Blog: Hoe gebruikt u de stage-gate in uw bedrijf?
Datum: | 12 december 2016 |
Vinci-onderzoekers Dr. Hans van der Bij
De laatste jaren zien we dat bedrijfskundig onderzoek steeds theoretischer wordt, gedreven door publicatie druk. De afstand tot de bedrijfskundige praktijk wordt daarmee steeds groter.
Resultaten van bedrijfskundig onderzoek worden regelmatig gezien als een recept uit een kookboek (zie afbeelding). Als de praktijk anders is dan de academische resultaten voorschrijven, is de praktijk verkeerd en moet aangepast worden. Ik noem dit het ‘naïeve toepassingsprincipe’.
Zo wordt bijvoorbeeld door velen gepredikt dat elk bedrijf de zogenaamde stage-gate moet invoeren in het innovatie proces.
Het stage-gate model is één van de belangrijkste innovatie modellen. Het is een blauwdruk hoe men van een idee tot een daadwerkelijke innovatie komt. Het model is ontwikkeld door Robert Cooper. Een typisch stage-gate model bestaat uit vijf fasen, idee generatie, business case, ontwikkeling, testen en lanceren, gescheiden door go/ no-go mijlpalen. Voor iedere fase wordt een aantal activiteiten voorgeschreven en die worden bij de mijlpalen gecheckt. Elk innovatie project wordt verondersteld zo’n stage-gate te doorlopen.

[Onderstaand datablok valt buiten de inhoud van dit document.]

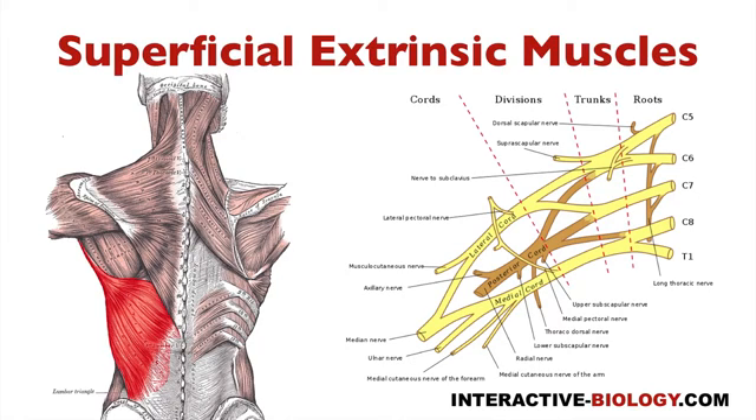And latissimus dorsi is actually innervated by the thoracodorsal nerve. And you can see that nerve coming off right here, coming off the posterior cord — the thoracodorsal nerve.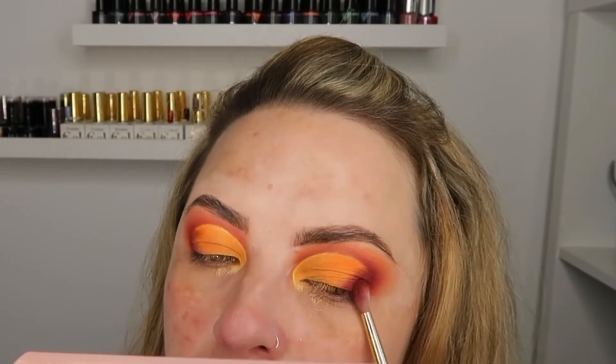You'll be left with something like this. Then going in with the brush used for Slice Me Up, we are going to put that in the outer corner and blend. Just gently pat that on and you'll get a nice even blend. Then just to really deepen this, I'm going to use Deadly Intentions — just a tiny real amount, using the same brush, only the smallest amount because it's just to deepen the outer edge a little bit.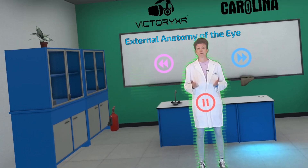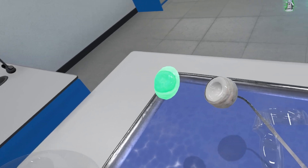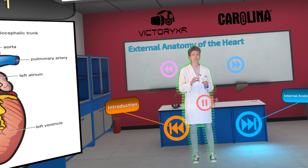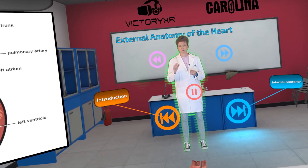Separate the eye into two halves with forceps. Touch the left atrium with your probe, then the right one.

Nu is de stage-gate literatuur niet de zwaarste academische literatuur, het is de Strauss in de academische wereld niet de Mahler. Maar het is academische literatuur en voor velen betekent het dat de stage-gate altijd en overal toegepast moet worden, los van of het bedrijf groot of klein is, producten maakt of diensten, radicaal of beperkt innoveert, of in een stabiele of dynamische markt werkt. ‘Gij zult de stage gate en al haar activiteiten in de goede volgorde volgen’.

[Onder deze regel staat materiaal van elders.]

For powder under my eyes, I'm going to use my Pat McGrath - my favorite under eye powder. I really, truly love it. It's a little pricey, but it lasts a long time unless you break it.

Ik geloof niet dat een dergelijke aanpak veel waarde heeft. Als we nu eens bij de praktijk beginnen en niet bij de academische literatuur. Stel dat we een probleem in de praktijk hebben, bijvoorbeeld dat de innovaties in het bedrijf te weinig aansluiten bij wat de klant echt wil.
Men zou dan eens kunnen kijken hoe het innovatieproces in het bedrijf verloopt. Verder zou men de stage-gate literatuur kunnen pakken en kijken waar in de stage-gate contacten met de klant staan geprogrammeerd en wat die contacten inhouden. Vervolgens zou men het soort contacten met de klant in het huidige proces kunnen vergelijken met de contacten zoals ze in de stage-gate voorgeschreven worden en kijken wat de verschillen zijn. Daarna zou men in het bedrijf grondig kunnen nadenken of het geconstateerde verschil de bestaande problematiek (deels) zou kunnen verklaren. Zo ja, dan heeft men een richting gevonden om te verbeteren.

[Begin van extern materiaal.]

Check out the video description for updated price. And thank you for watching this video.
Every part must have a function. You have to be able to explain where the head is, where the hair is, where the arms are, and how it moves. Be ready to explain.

Die richting moet uiteraard nog op maat ingevuld worden voor het bedrijf. Maar het is ook mogelijk dat men constateert dat het verschil tussen praktijk en literatuur geen verklaring is voor het geconstateerde probleem. Dan is de stage-gate literatuur in dit geval niet echt bruikbaar.
Kortom, start bij een bedrijfsprobleem en gebruik dan de academische literatuur als een spiegel voor mogelijke oorzaken en verbeterrichtingen. Dan is die literatuur naar mijn mening in veel gevallen bruikbaar. Uiteraard moeten de precieze maatregelen die in het bedrijf genomen moeten worden op maat zijn en zo’n maat vind je niet in de academische literatuur.